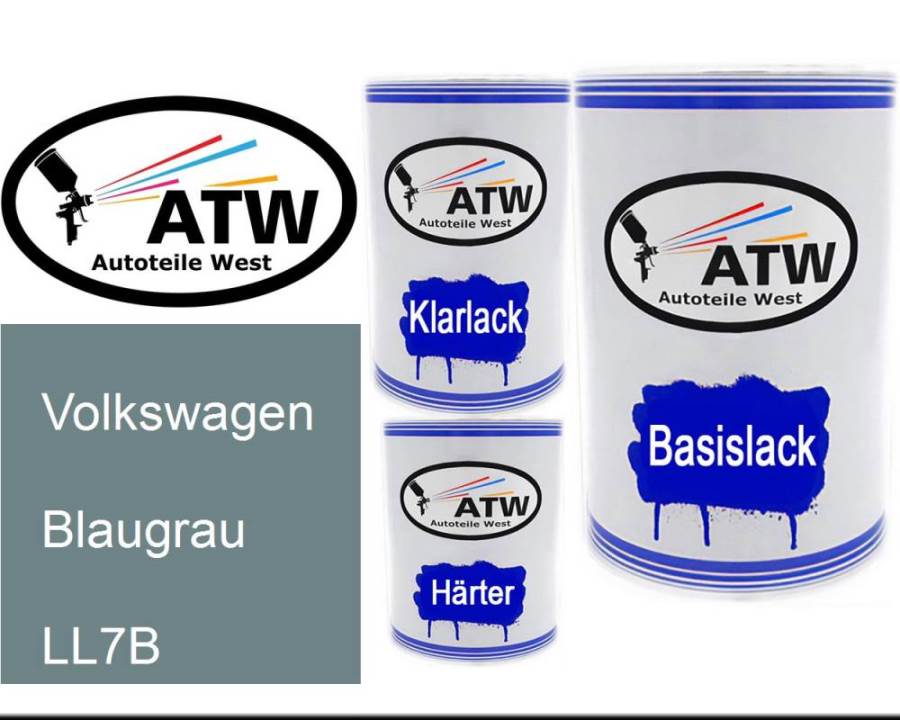 Volkswagen, Blaugrau, LL7B: 500ml Lackdose + 500ml Klarlack + 250ml Härter - Set, von ATW Autoteile West.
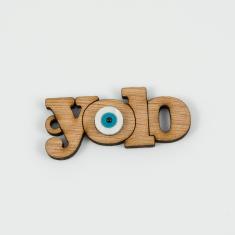Wooden "Yolo" Natural 5x2.1cm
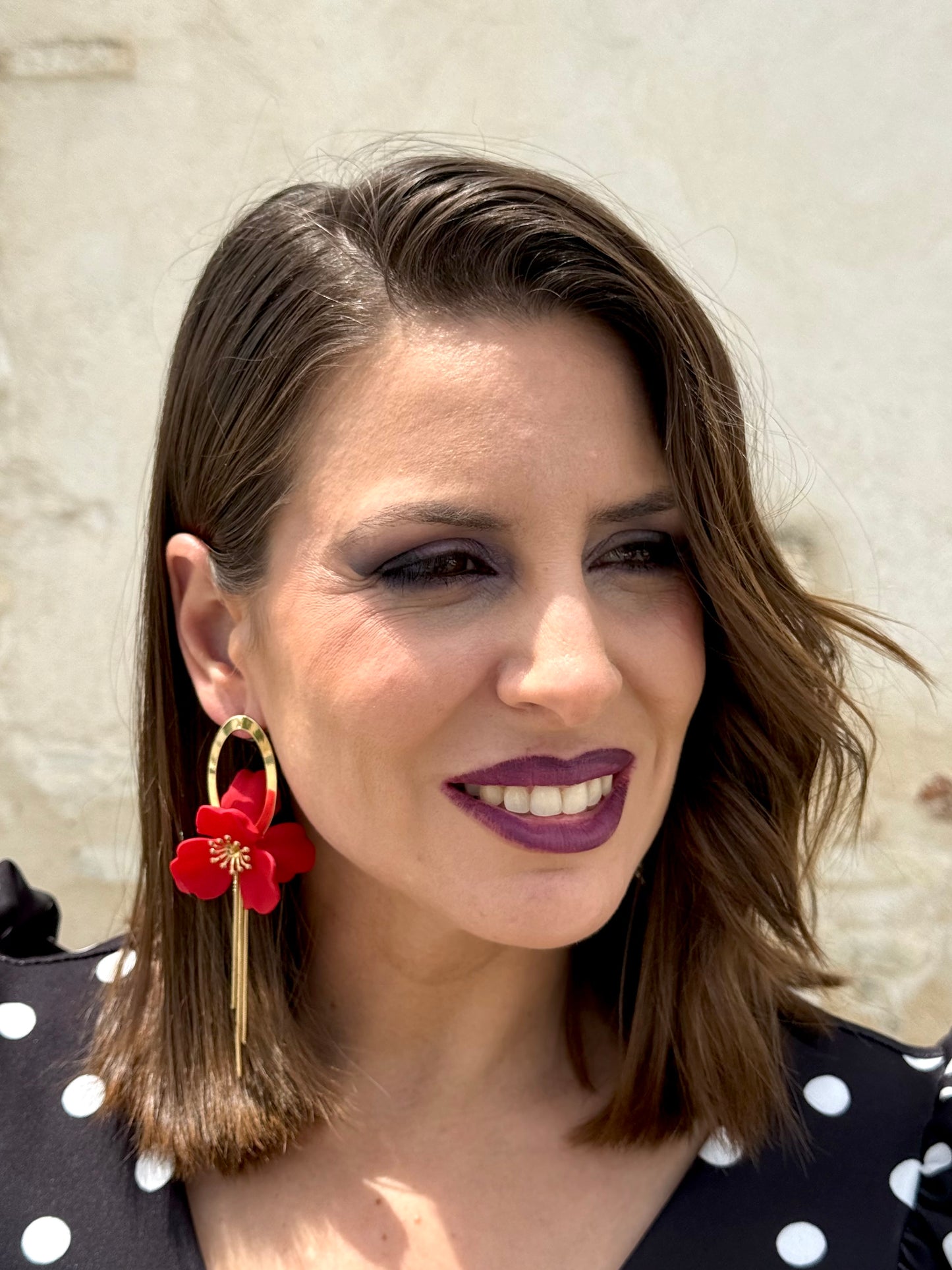 Pendientes Flor Rojo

- **EXERCISE BRIEF**: Copy the data exactly. Any picture it contains is to be omitted.

- **TASK SOLUTION**:
 Volkswagen, Blaugrau, LL7B: 500ml Lackdose + 500ml Klarlack + 250ml Härter - Set, von ATW Autoteile West.
Wooden "Yolo" Natural 5x2.1cm
 Pendientes Flor Rojo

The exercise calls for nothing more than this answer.